(Work to complete): A faithful, word-for-word copy of the data below is required, without pictures.

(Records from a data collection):
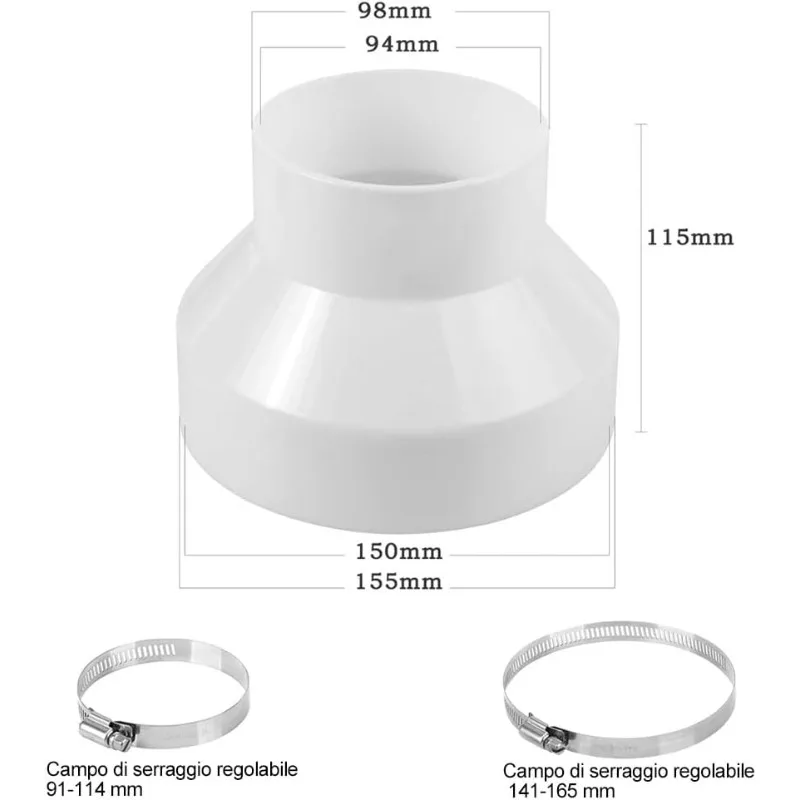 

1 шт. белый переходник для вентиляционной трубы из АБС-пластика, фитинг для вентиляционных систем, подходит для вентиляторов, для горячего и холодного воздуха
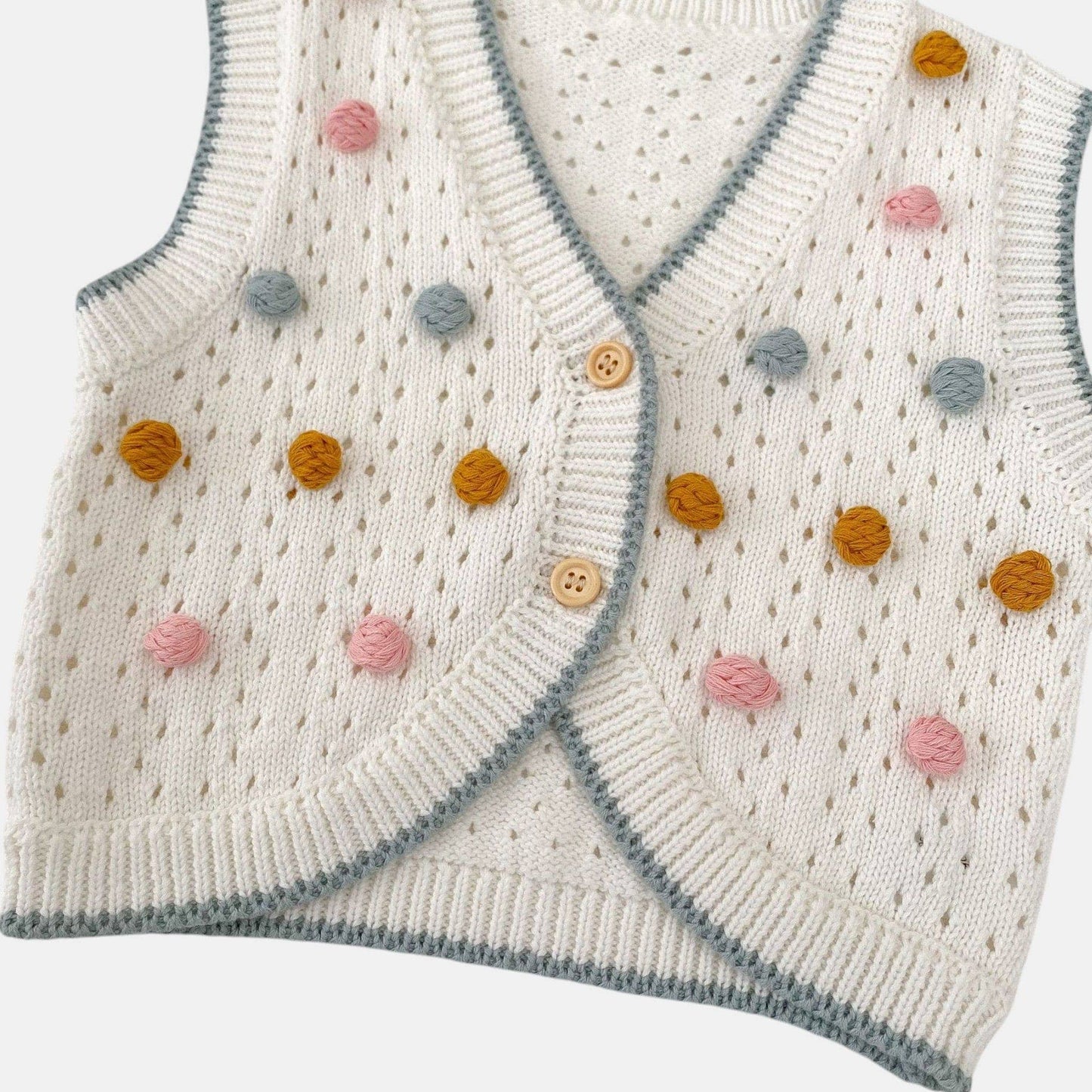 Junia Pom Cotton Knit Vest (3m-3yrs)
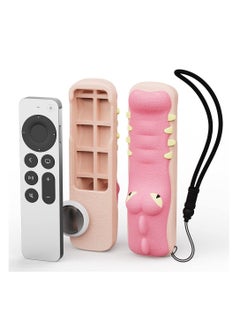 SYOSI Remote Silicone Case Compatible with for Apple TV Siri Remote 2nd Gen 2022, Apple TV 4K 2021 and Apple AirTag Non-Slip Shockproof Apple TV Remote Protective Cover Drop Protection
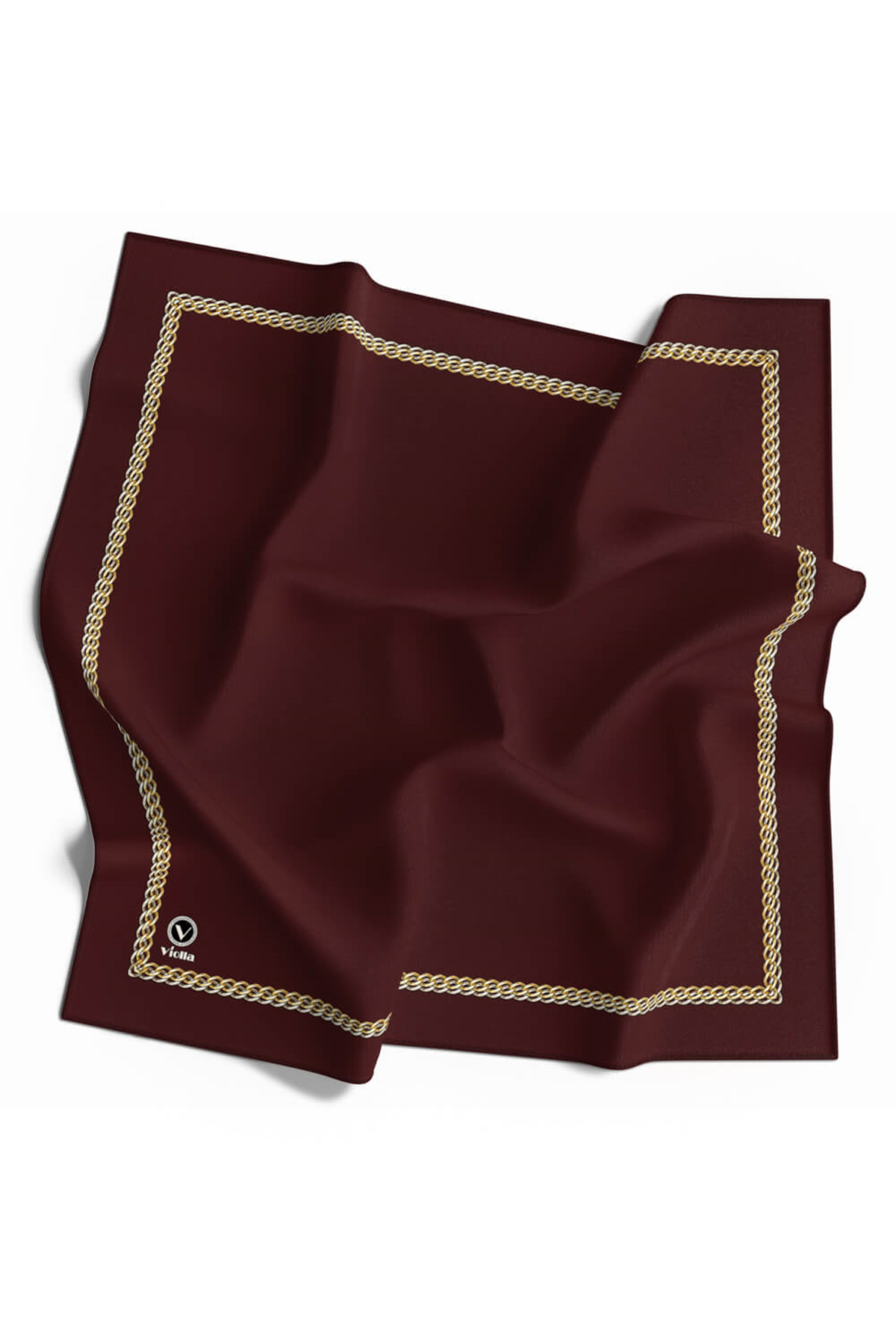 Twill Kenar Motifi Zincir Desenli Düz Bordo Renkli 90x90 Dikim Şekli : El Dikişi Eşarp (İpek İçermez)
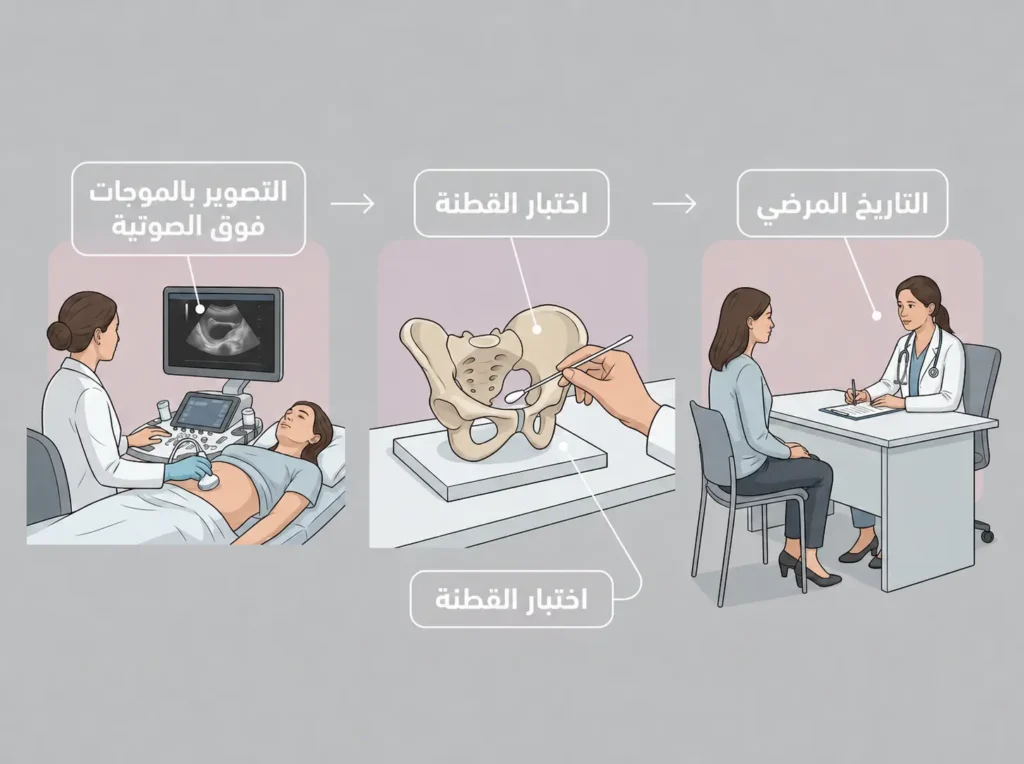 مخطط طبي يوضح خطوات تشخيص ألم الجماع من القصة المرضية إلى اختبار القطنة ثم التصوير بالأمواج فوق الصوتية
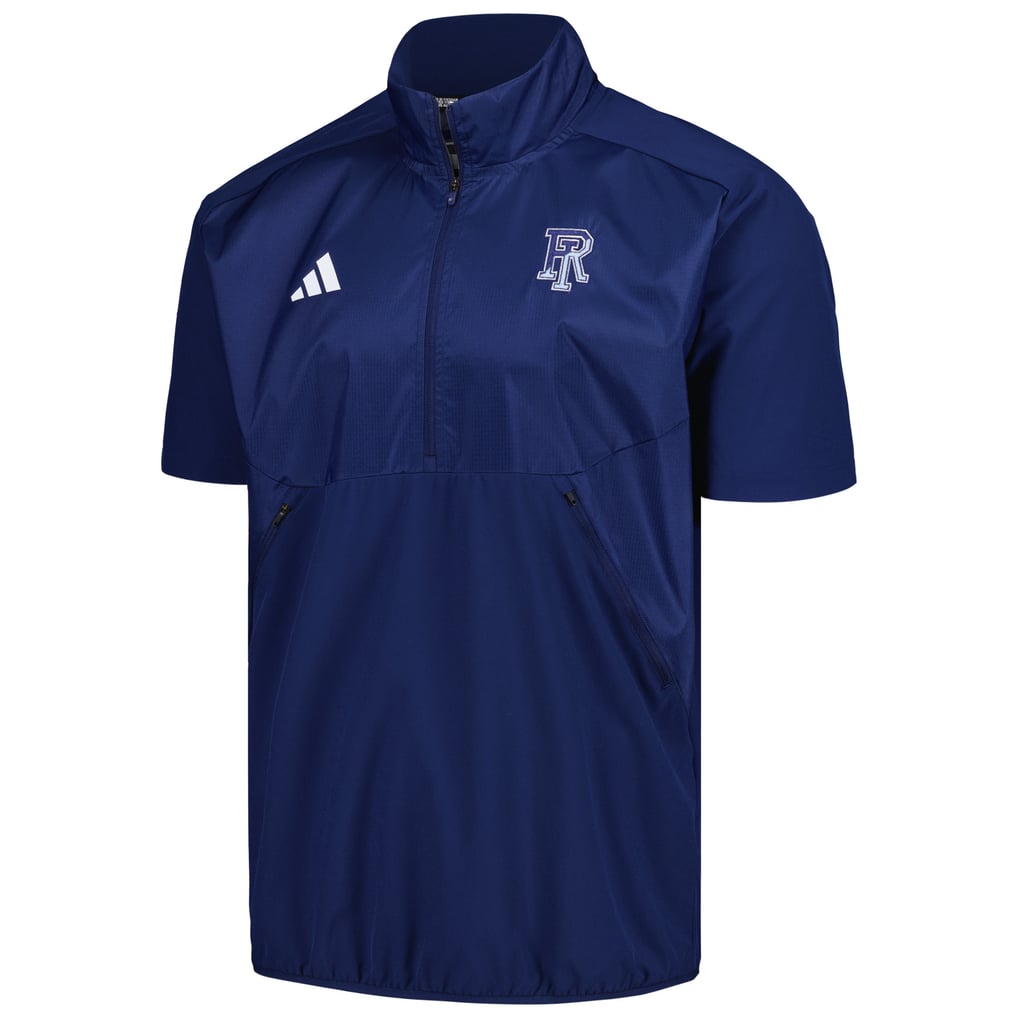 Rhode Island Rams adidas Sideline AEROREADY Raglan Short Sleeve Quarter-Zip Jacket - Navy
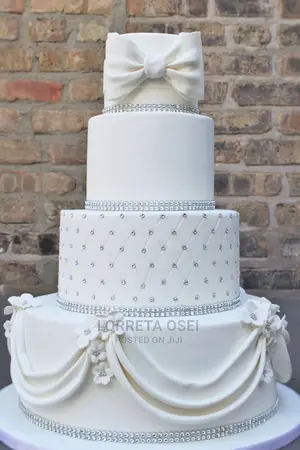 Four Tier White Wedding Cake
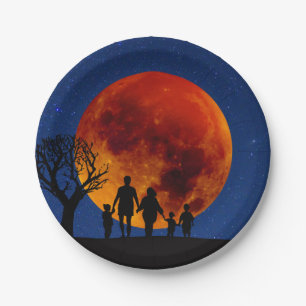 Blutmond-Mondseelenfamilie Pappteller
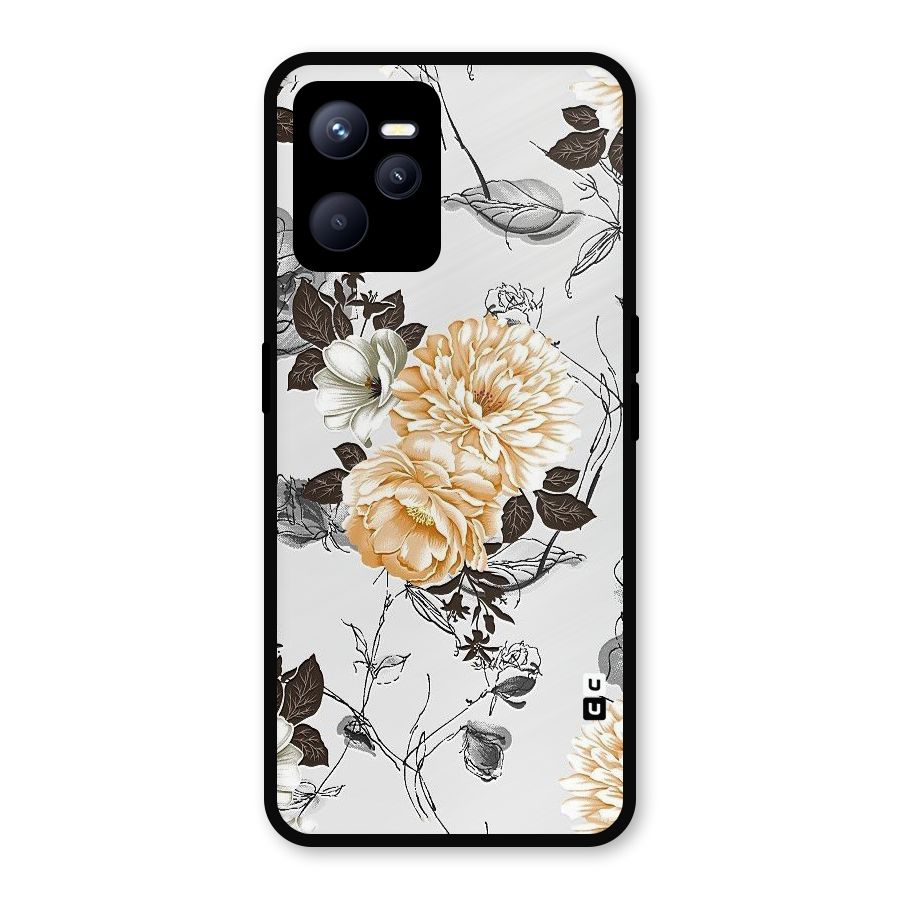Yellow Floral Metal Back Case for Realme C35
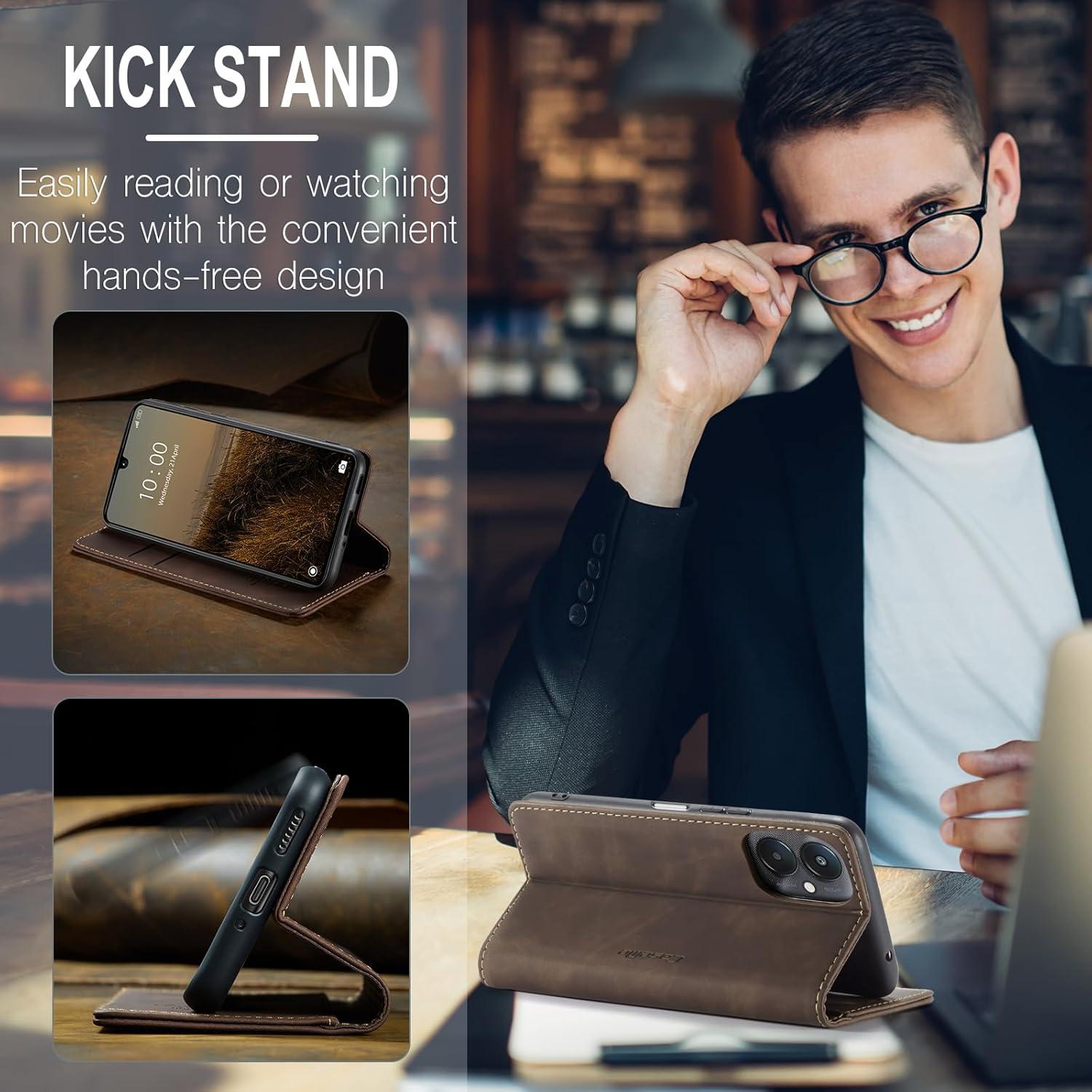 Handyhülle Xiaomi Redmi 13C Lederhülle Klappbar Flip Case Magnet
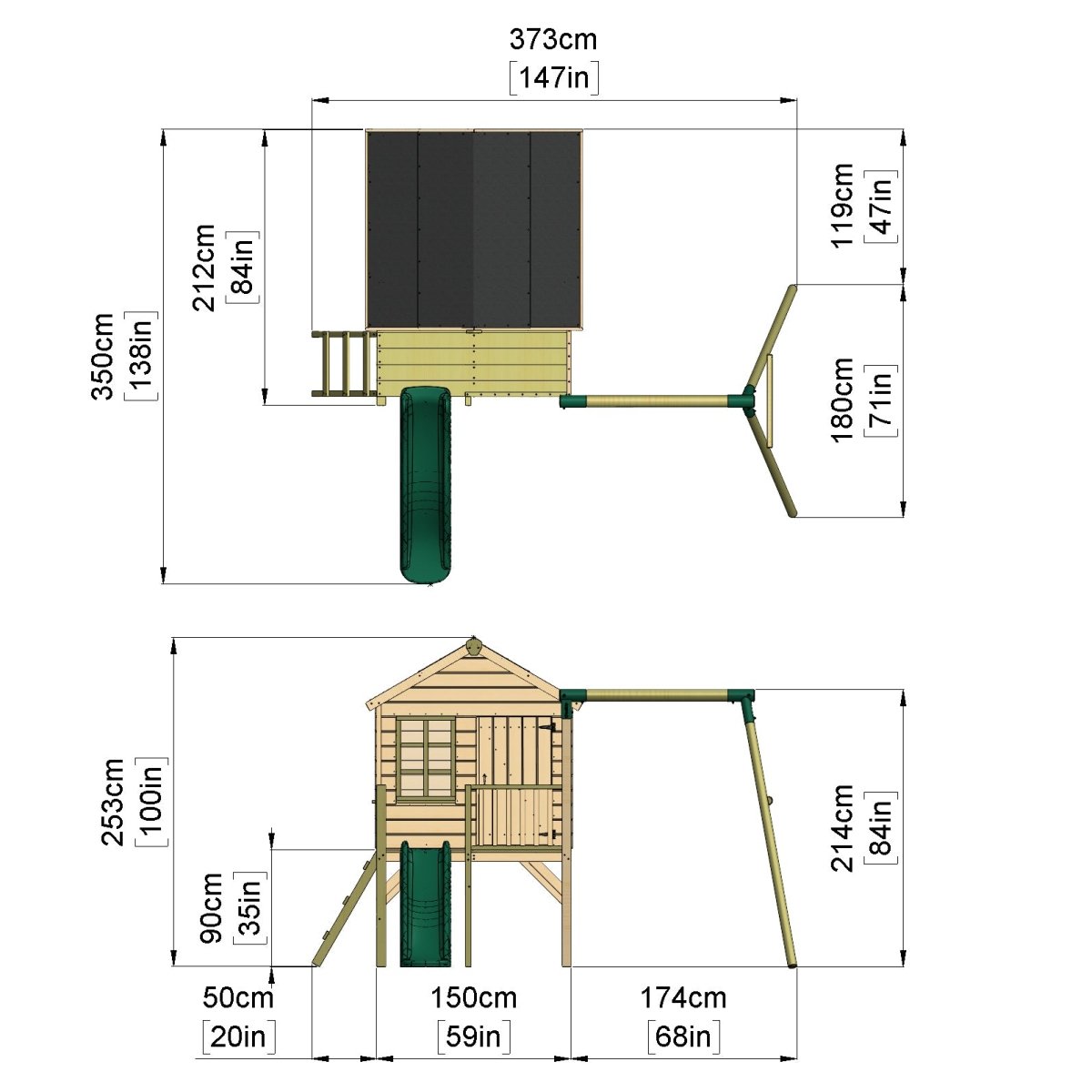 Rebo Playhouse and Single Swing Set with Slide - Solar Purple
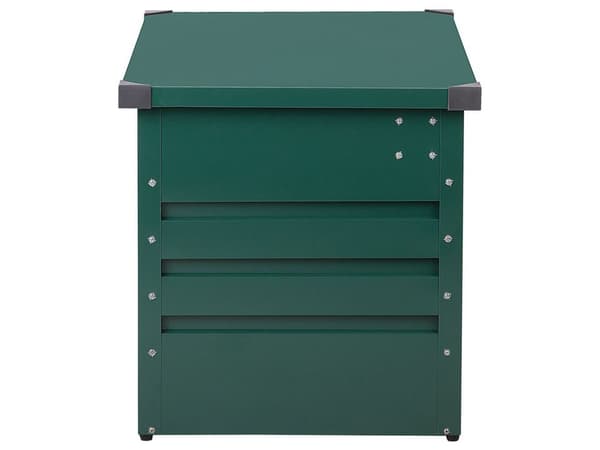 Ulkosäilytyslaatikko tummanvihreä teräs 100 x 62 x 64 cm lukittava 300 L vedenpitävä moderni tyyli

(Answer box):
1 шт. белый переходник для вентиляционной трубы из АБС-пластика, фитинг для вентиляционных систем, подходит для вентиляторов, для горячего и холодного воздуха
 Junia Pom Cotton Knit Vest (3m-3yrs)
 SYOSI Remote Silicone Case Compatible with for Apple TV Siri Remote 2nd Gen 2022, Apple TV 4K 2021 and Apple AirTag Non-Slip Shockproof Apple TV Remote Protective Cover Drop Protection
 Twill Kenar Motifi Zincir Desenli Düz Bordo Renkli 90x90 Dikim Şekli : El Dikişi Eşarp (İpek İçermez)
 مخطط طبي يوضح خطوات تشخيص ألم الجماع من القصة المرضية إلى اختبار القطنة ثم التصوير بالأمواج فوق الصوتية
 Rhode Island Rams adidas Sideline AEROREADY Raglan Short Sleeve Quarter-Zip Jacket - Navy
 Four Tier White Wedding Cake
 Blutmond-Mondseelenfamilie Pappteller
Yellow Floral Metal Back Case for Realme C35
 Handyhülle Xiaomi Redmi 13C Lederhülle Klappbar Flip Case Magnet
 Rebo Playhouse and Single Swing Set with Slide - Solar Purple
 Ulkosäilytyslaatikko tummanvihreä teräs 100 x 62 x 64 cm lukittava 300 L vedenpitävä moderni tyyli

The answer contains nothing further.